Interstellar
Lorsqu’il rêve, Christopher Nolan se prend sans doute pour Stanley Kubrick, sa version 2.0, mais à son réveil, autrement lorsque ses songes deviennent enfin des films, personne n’a osé encore lui dire qu’il ressemblait plutôt à Ron Howard. Ce qui, en soi, n’est pas une tare, dès lors que l’intention raccorde avec le résultat.
Interstellar commence en terre vaguement fordienne, quelque part dans un futur proche (tablettes et drones), entre le « dust bowl » des Raisins de la colère et celui du Magicien d’Oz. Mais ici, pas de Californie à atteindre pour cette humanité vouée à disparaître, pas d’antidote miracle à la destruction des cultures, mais une poignée d’hommes envoyés dans l’espace à la recherche d’une nouvelle terre hospitalière. Cooper (McConaughey) le bien‑nommé sera ainsi le dernier des Mohicans terrestres et le premier de cette planète que lui et son équipage cherchent au bout d’un trou noir, une porte des étoiles où quelques éclaireurs de la Nasa ont, il y a des lustres, tenté de planter le drapeau.
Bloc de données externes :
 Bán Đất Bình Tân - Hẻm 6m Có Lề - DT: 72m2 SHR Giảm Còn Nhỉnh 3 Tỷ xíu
Après une première partie honorable, Nolan plonge dans les arcanes de son jouet rutilant, s’amuse avec ses paradoxes temporels, nous assène ce mode d’emploi dont tout le monde se contrefout mais sur lequel lui et des batteries de scientifiques valides ont dû plancher, un voyage interstellaire donc, à travers une faille de l’espace‑temps censée ouvrir de nouveaux horizons spatiaux et théoriques à l’humanité.
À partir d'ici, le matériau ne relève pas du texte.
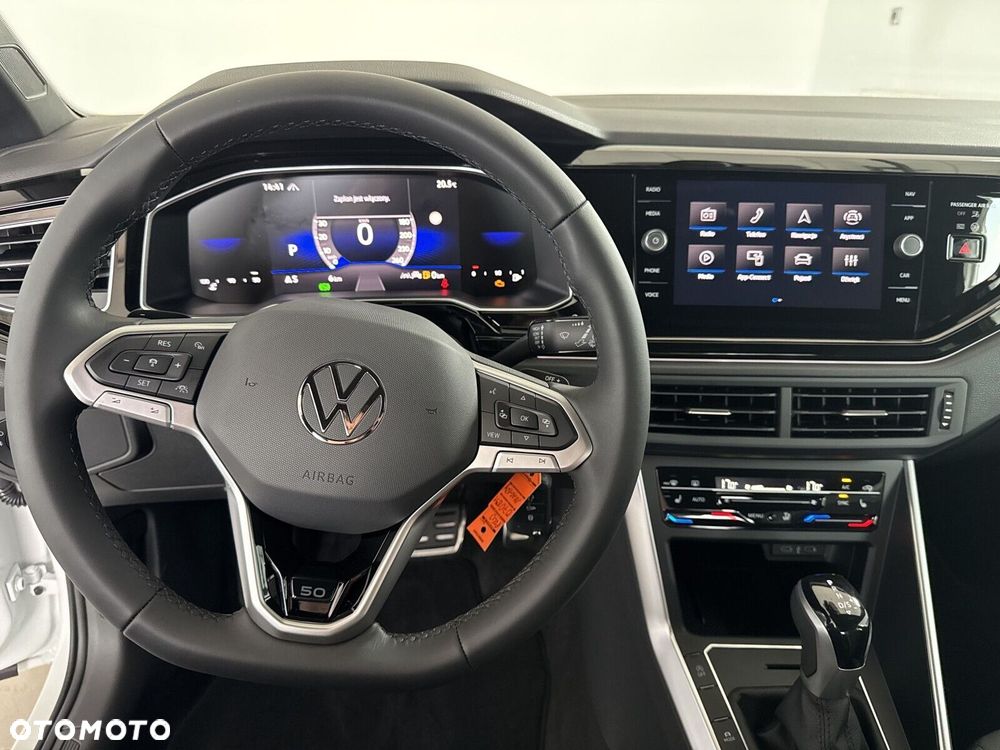 Volkswagen Polo - 14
Tout part en vrille, ou presque : les blocs se raccordent mal, la très belle musique de Hans Zimmer fait parfois illusion, les belles séquences ont à peine le temps d’éclore, les meilleures intuitions du script sont tuées dans l’œuf. À l’époque de The Dark Knight et The Dark Knight le Chevalier Noir, coups de force et d’éclat incontestables, Nolan filmait mais avec la bride sur le cou. Il devait se trouver, à Hollywood, un producteur, un studio, pour lui dire que les Rubik’s Cube qui tournaient déjà dans son cerveau méritaient d’être filtrés, travaillés, mis au service d’une vision qui ne soit pas qu’une petite démonstration de force et d’épate. Nolan tournait des films qui se tenaient jusqu'au succès d’Inception, arnaque sympathique et virtuose qui en a séduit tant. Le succès de ce film fut, et demeure, la chance et la malédiction de Nolan. Difficile de garder le cap et la tête froide lorsqu’on vous donne carte blanche ou presque (165 millions de dollars), avec pour mission de livrer un blockbuster adulte et divertissant, et surtout différent de tout ce que l’essentiel de l’industrie produit à la chaîne.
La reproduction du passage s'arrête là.